Throughout the procession—from Blantyre’s colonial Town Hall to Chichiri Trade Fair ground, just opposite Blantyre Court House—the marchers saluted the court for entirely overruling the manufacturers’ stance that the outlaw violated their right to be heard, economic activity and similar regulations in the Southern African Development Community (Sadc) sub-region.
Speaking at the end of the march, Coordination Union for the Rehabilitation of the Environment (Cure) executive director Christopher Mwambene saluted the participants for being part of the growing movement to reduce plastic pollution in line with the theme of this year’s World Environment Day on June 5.
“In Malawi, we have legislation that bans manufacturing, distribution, sale and use of thin plastics, but manufacturers of thin plastics obtained a court order barring government from enforcing these regulations,” said Mwambene.
He added: “We are happy that the court has vacated the injunction, meaning that the government is free to enforce existing regulations to beat plastic pollution. However, the battle is not over. There is also need for behavioural change. Most of the times, we carry plastic materials, especially carrier bags, which we do not need. Let’s stop using plastics which we cannot re-use or recycle. If we do this, manufacturers will not have a good reason to continue producing a product which degrades the environment.”

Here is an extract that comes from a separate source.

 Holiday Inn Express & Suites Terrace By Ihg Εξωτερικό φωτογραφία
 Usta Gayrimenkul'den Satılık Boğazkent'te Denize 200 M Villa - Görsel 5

Signs of failure to responsibly reduce and manage plastic waste that people churn out were perceivable throughout the march, which police wanted called off at the eleventh hour on the basis that it had been overtaken by the landmark ruling on Thursday.
Wildlife and Environmental Society of Malawi (Wesm) regional president Paul Taylor said the push to beat plastic pollution is winnable if government and its partners emulate Rwanda’s example by sensitising the public to its environmental costs and extending the ban beyond plastics less than 60 microns.
“The judgement is victory as we strive to beat plastic pollution, but the country needs to move forward to use no plastic, not just thin plastic,” he said.
Last week, the Association of Environmental Journalists held a similar march in Lilongwe. Tawonga Mbale-Luka, director of Environmental Affairs in the Ministry of Natural Resources, Energy and Mining, described the marches as timely public endorsement of government’s steps to kick out thin plastics which hurt the enviroment.
Luka testified in the case which has been hanging in court for the past two years, a long-wait the civil society consortium in Blantyre set out to demonstrate against on Friday.
The case brought into question Environmental Management Regulation of 2015 which she described as a result of wide consultations with relevant stakeholders, including the producers.
But Malawi Environmental Endowment Trust (Meet) coordinator Karen Price described as timely Potani’s verdict as it comes just when the country is commemorating the Word Environment month, focusing on eliminating plastic waste.